#### Exercise details:
Return only the lines below starting at the line containing "file tranh nhan" and ending at the line containing "Puzzle - 12", both included, exactly as they are and with no pictures.

Data excerpts: Begin

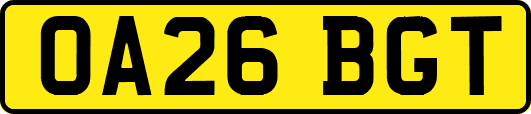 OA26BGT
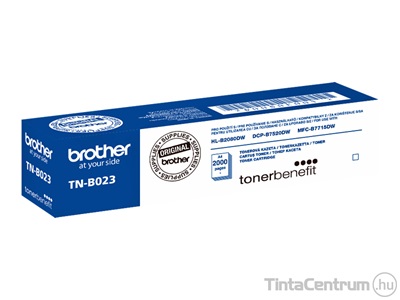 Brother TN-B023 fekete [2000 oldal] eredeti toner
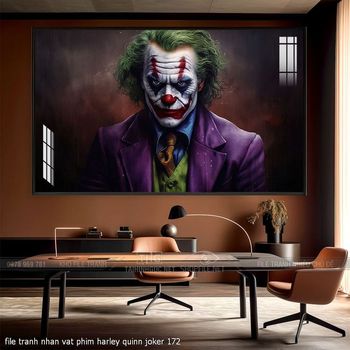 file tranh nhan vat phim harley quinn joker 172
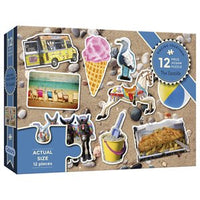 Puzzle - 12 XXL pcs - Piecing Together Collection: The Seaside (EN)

Data excerpts: End
Data excerpts: Begin

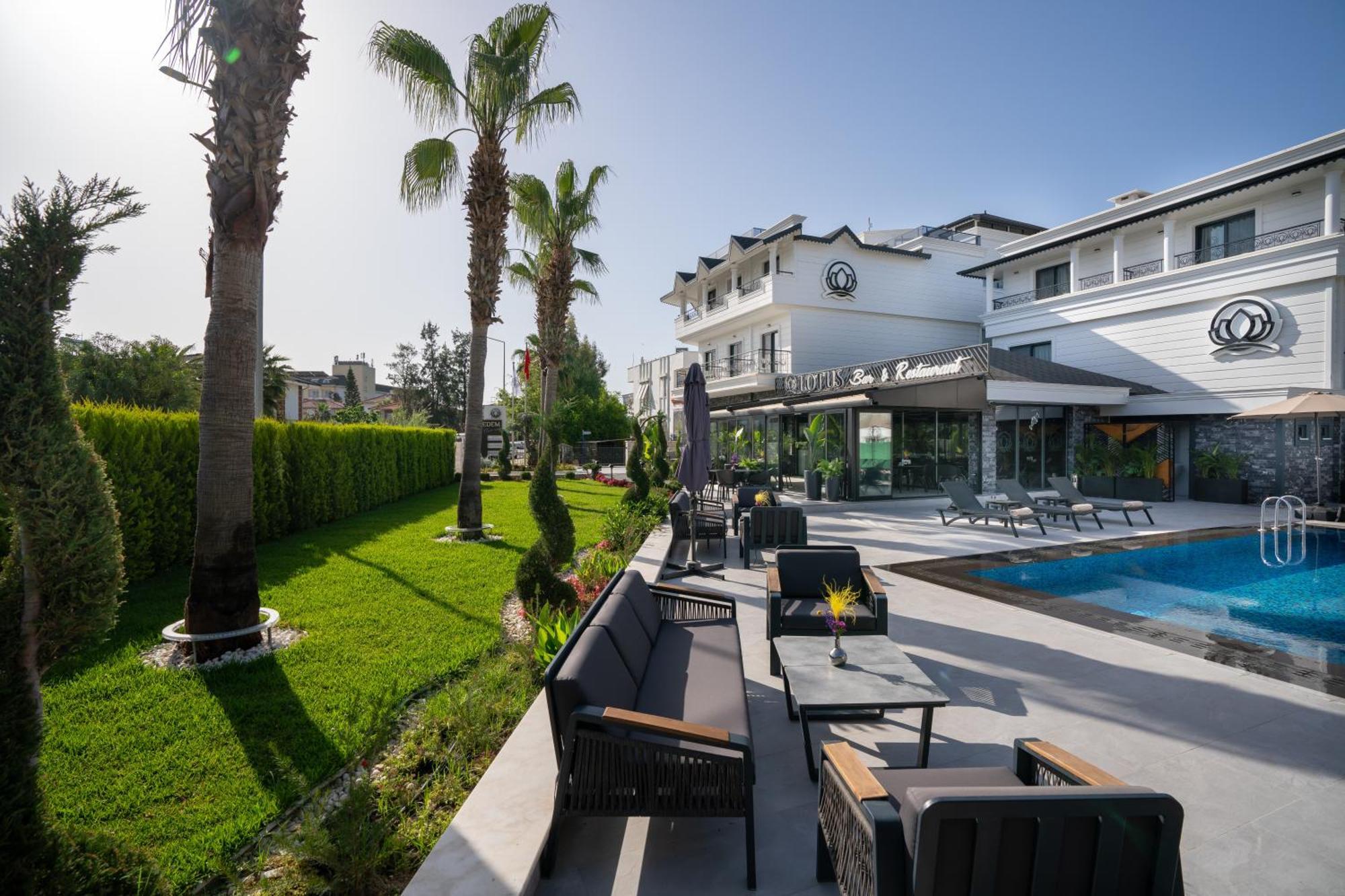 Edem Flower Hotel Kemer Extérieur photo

Data excerpts: End
Data excerpts: Begin

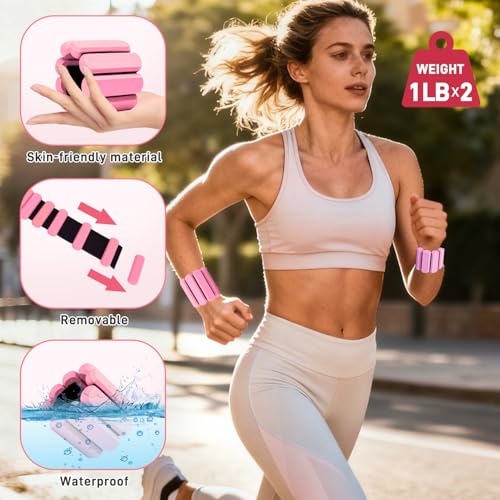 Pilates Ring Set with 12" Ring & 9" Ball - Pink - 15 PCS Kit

Data excerpts: End

#### Task answer:
 file tranh nhan vat phim harley quinn joker 172
 Puzzle - 12 XXL pcs - Piecing Together Collection: The Seaside (EN)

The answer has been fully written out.